BODY WEIGHT AND WEIGHT GAIN
- Over the course of the study, weight gain was slightly retarded in exposed rats

GROSS PATHOLOGY
- Gross pathology of rats that died was limited to the lungs, which appeared dark red. The lungs remained distended when the thorax was opened, but no oedema fluid was found. On palpitation the lungs had a firm consistency. A purulent empyema was observed in one rat.
- In exposed rats that survived to termination the lungs were also discoloured and remained distended. Discolouration ranged from speckled red areas to a homogeneous, dark red, haemorrhagic appearance.
- Cut sections of lungs were a homogeneous dark red colour and either oedema fluid or blood could be expressed from them.
- Lungs from 3 of the 12 surviving animals had cysts which contained a 'cheesy material'.
- The remaining organs appeared to be within normal limits.

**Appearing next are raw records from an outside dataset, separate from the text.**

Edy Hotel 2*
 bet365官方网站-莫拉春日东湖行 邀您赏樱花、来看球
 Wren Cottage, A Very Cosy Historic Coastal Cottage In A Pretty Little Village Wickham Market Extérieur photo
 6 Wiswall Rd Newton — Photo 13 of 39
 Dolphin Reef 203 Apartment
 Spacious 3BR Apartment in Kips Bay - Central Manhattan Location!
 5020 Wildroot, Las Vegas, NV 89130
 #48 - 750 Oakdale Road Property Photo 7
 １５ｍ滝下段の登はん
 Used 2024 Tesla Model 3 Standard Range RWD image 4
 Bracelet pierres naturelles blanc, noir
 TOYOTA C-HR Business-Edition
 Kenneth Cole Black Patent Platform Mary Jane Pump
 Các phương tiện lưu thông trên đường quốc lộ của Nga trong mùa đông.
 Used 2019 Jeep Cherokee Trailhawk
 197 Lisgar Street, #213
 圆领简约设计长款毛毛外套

HISTOPATHOLOGY: NON-NEOPLASTIC
- Microscopic pathology of the lungs showed definite pulmonary irritation.

Effect levels

Dose descriptor:
LOAEC
Effect level:
28 700 ppm
Sex:
male
Basis for effect level:
other: see 'Remark'

Target system / organ toxicity

Critical effects observed:
not specified

Applicant's summary and conclusion

Conclusions:
Methylacetylene is of low repeated dose toxicity to rats and the site of toxicity is limited to the lungs, even at extremely high exposure concentrations (28,700 ppm, equivalent to 47026 mg/m3).
Executive summary:

A group of 20 male rats were exposed to 28,700 ppm methyl acetylene for 6 hrs/days, 5 days/week for 6 months. There was 40% mortality during the exposure period. Clinical signs during the first 2 months exposure included ataxia, unsteadiness/ unable to balance and gross tremors but these reduced in severity as exposure continued. Animals showed reduced body weight gain over the first 2 months. At necropsy following 6 months exposure, there was microscopic evidence of pulmonary irritation.

28,700 ppm, equivalent to 47026 mg/m3 is considered a LOAEC in this study.